SUPPLIED RECORDS:
Content starts

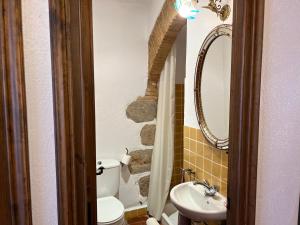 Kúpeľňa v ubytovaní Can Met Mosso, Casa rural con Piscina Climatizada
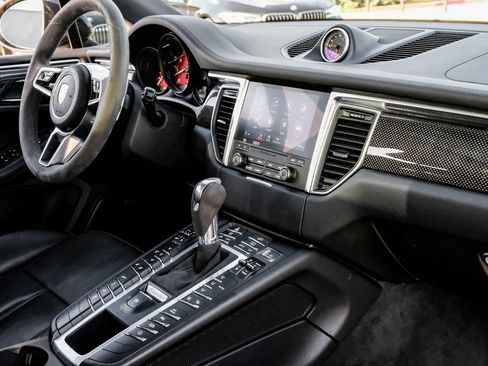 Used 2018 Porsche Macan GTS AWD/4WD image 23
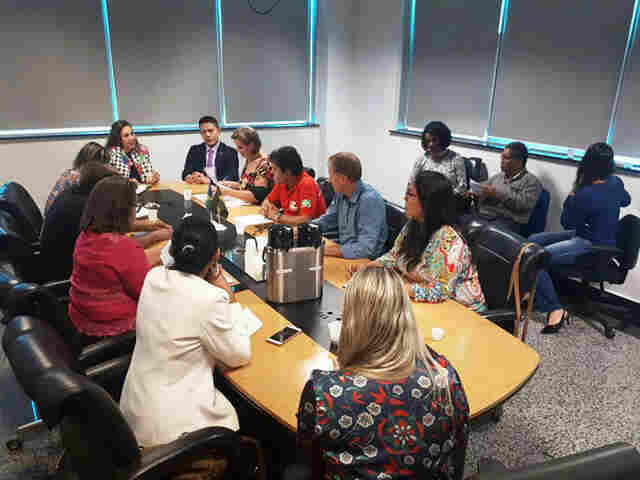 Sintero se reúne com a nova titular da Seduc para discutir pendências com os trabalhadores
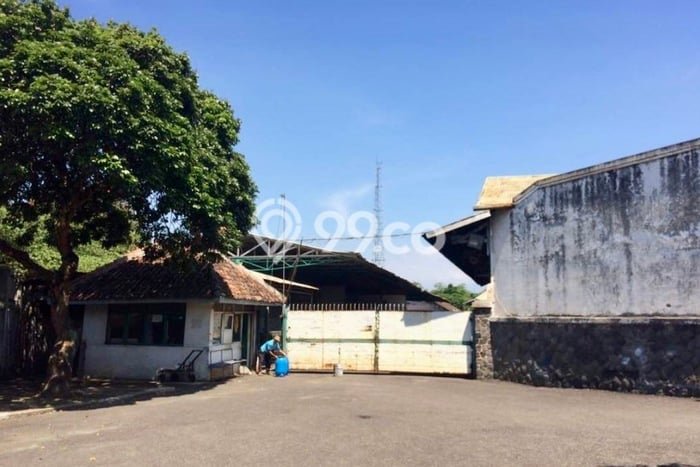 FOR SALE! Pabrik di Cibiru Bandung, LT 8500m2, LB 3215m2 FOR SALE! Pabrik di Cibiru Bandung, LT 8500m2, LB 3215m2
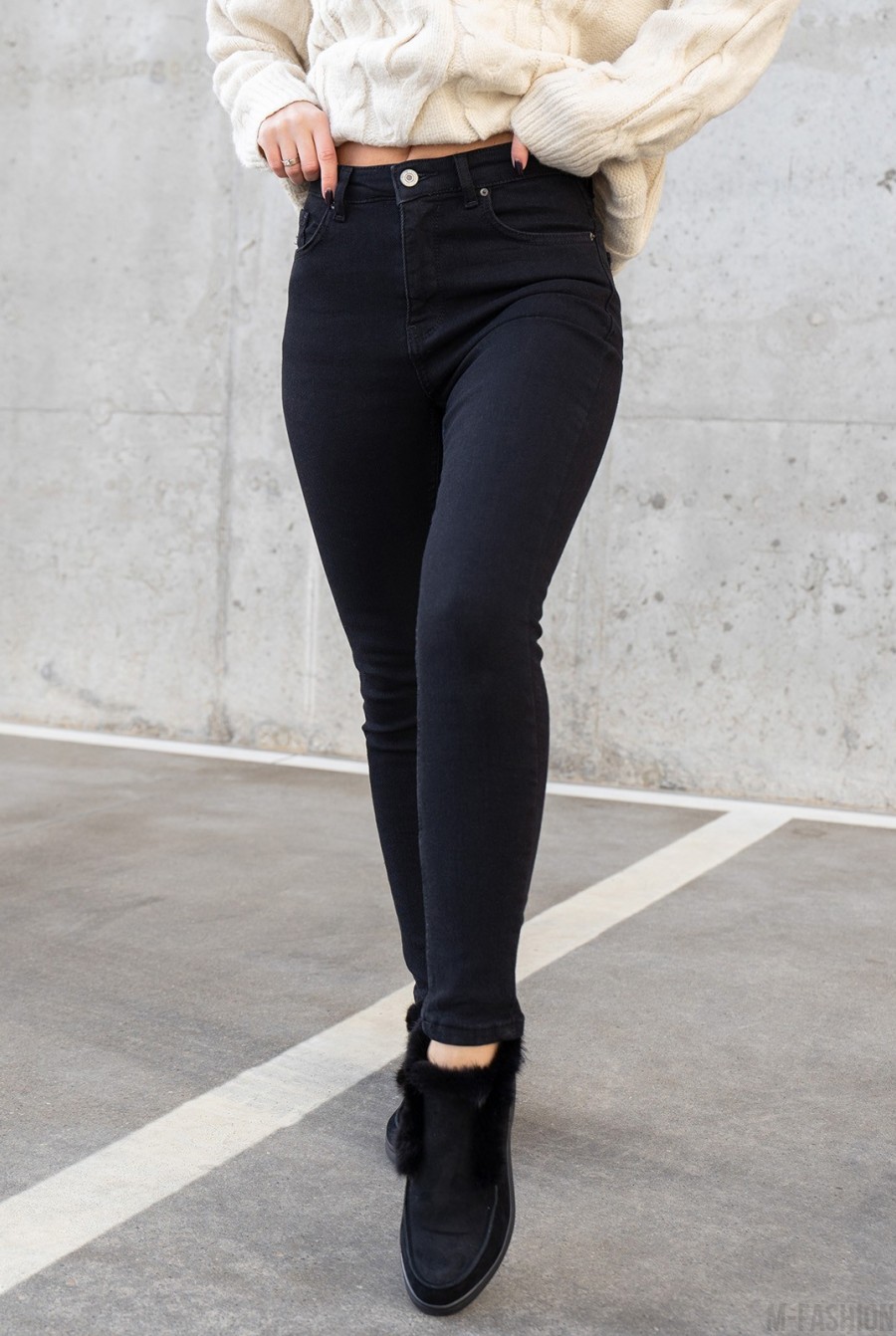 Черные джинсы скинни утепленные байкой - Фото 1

Content ends
Content starts

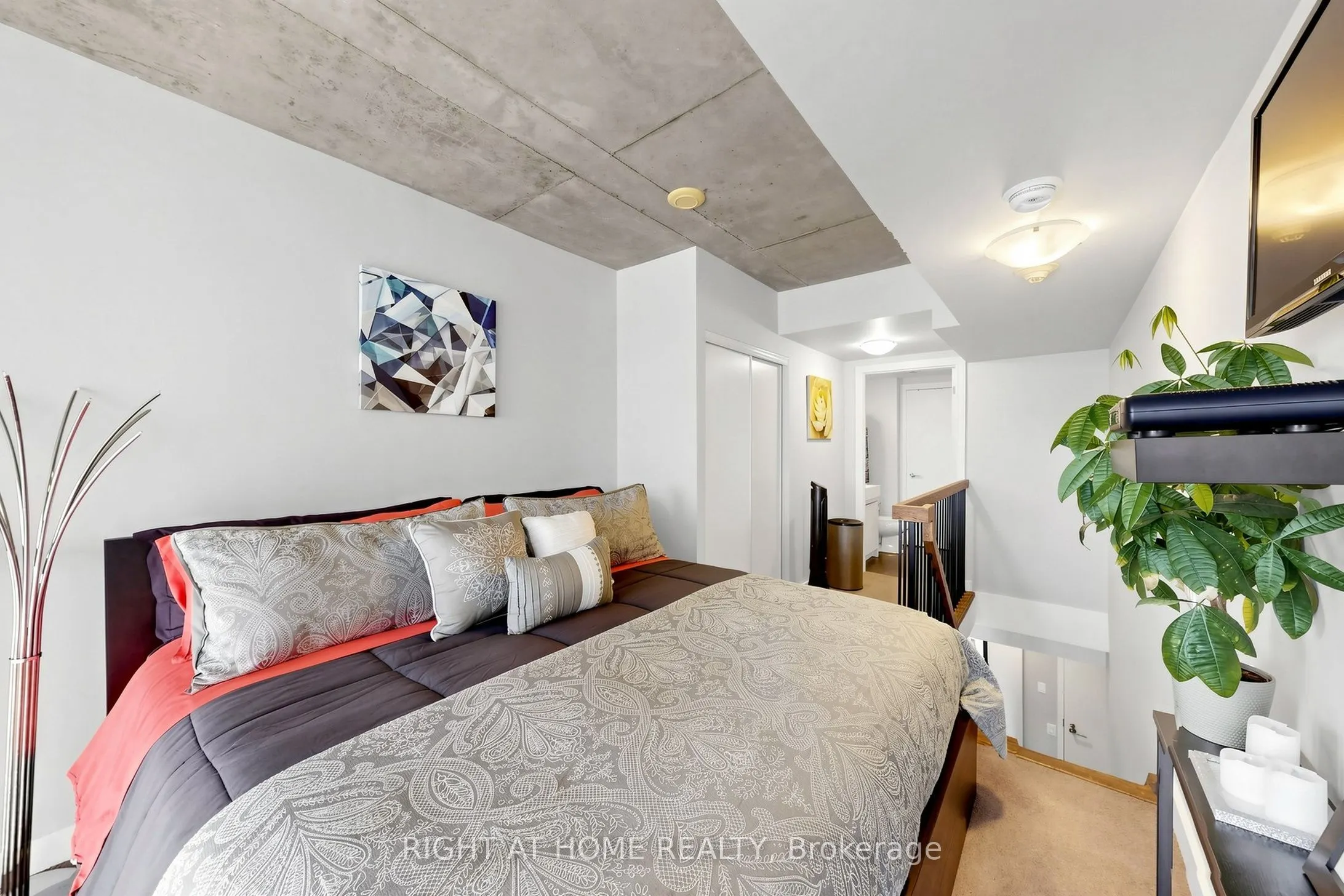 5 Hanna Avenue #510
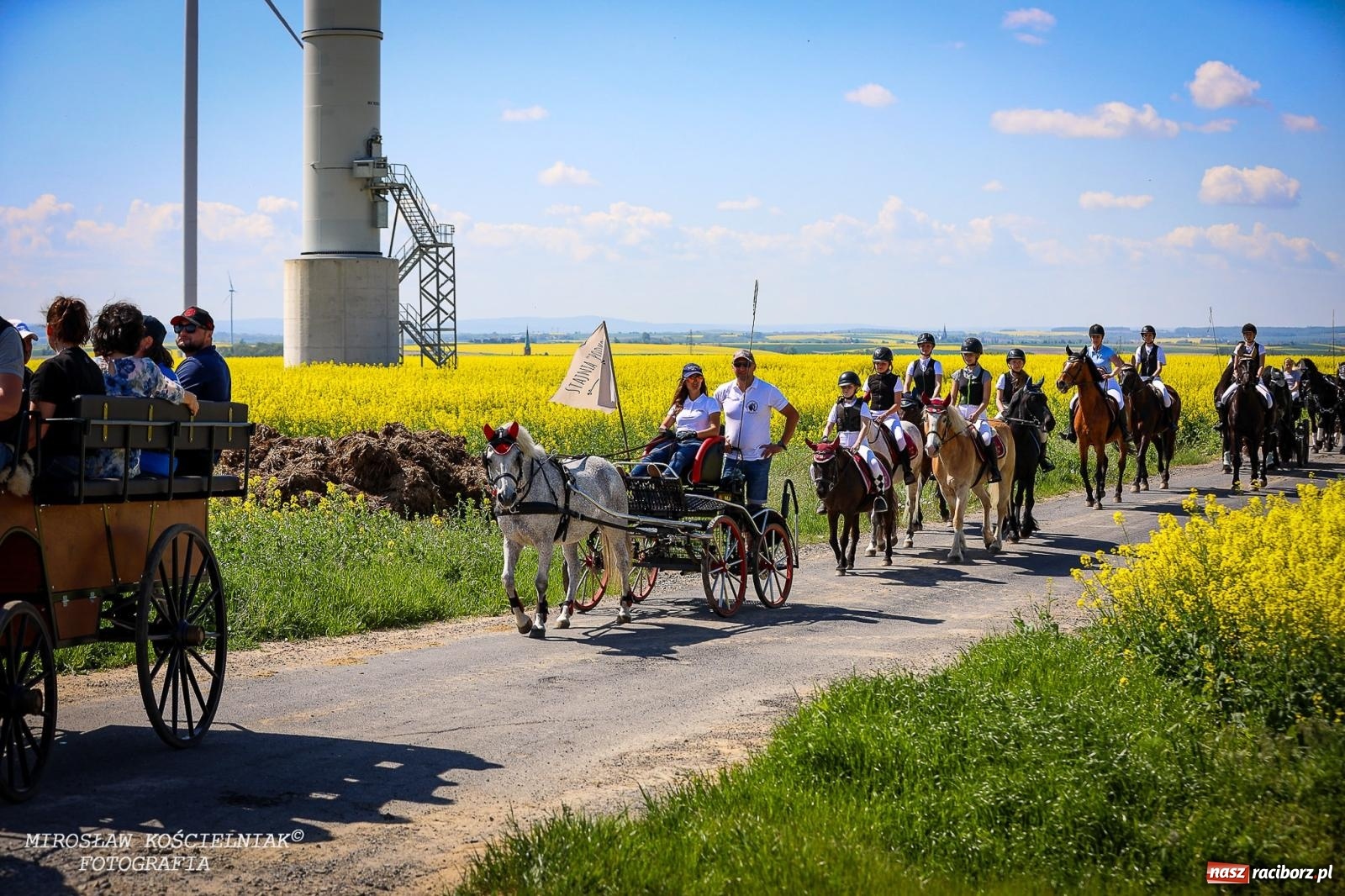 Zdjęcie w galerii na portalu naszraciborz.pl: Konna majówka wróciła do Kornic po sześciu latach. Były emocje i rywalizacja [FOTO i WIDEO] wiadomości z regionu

Content ends
Content starts

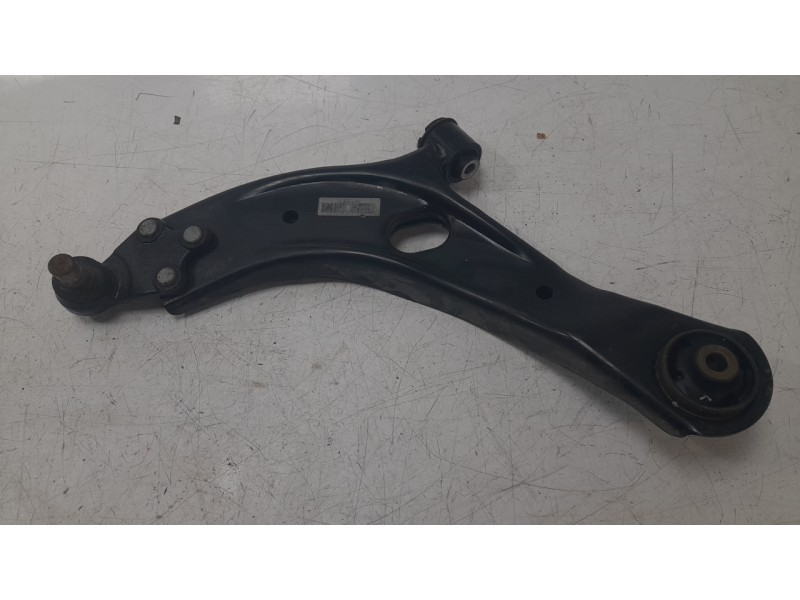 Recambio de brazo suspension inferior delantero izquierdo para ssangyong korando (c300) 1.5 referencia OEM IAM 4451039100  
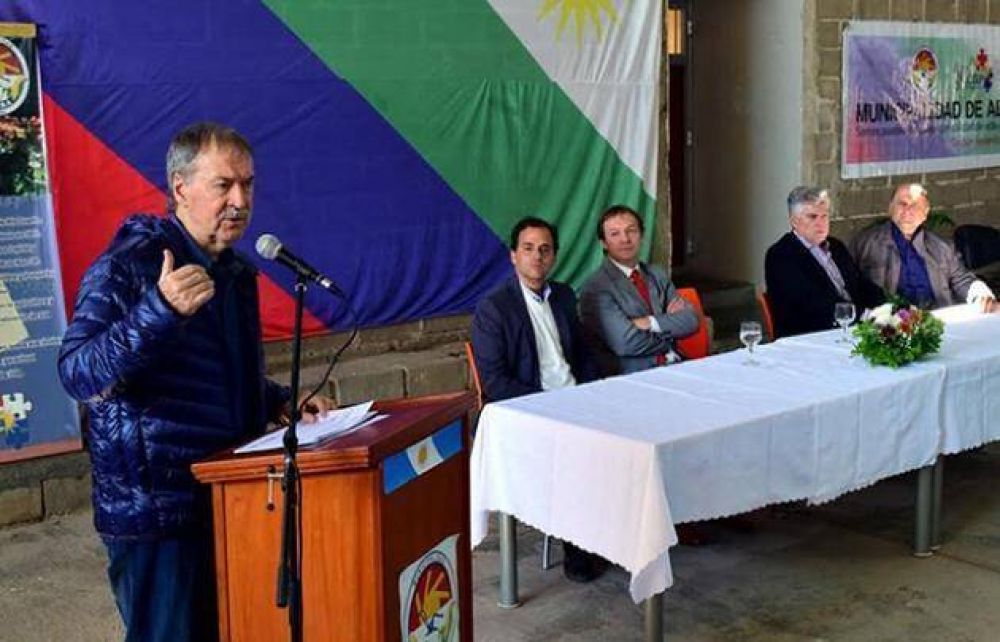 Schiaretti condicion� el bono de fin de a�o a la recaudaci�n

Content ends

YOUR TASK: Pictures do not belong in the answer. Return the lines above starting at the one with "Recambio de brazo" and ending at the one with "Schiaretti condicion� el", both kept, exactly.

RESPONSE TO THE TASK:
 Recambio de brazo suspension inferior delantero izquierdo para ssangyong korando (c300) 1.5 referencia OEM IAM 4451039100  
 Schiaretti condicion� el bono de fin de a�o a la recaudaci�n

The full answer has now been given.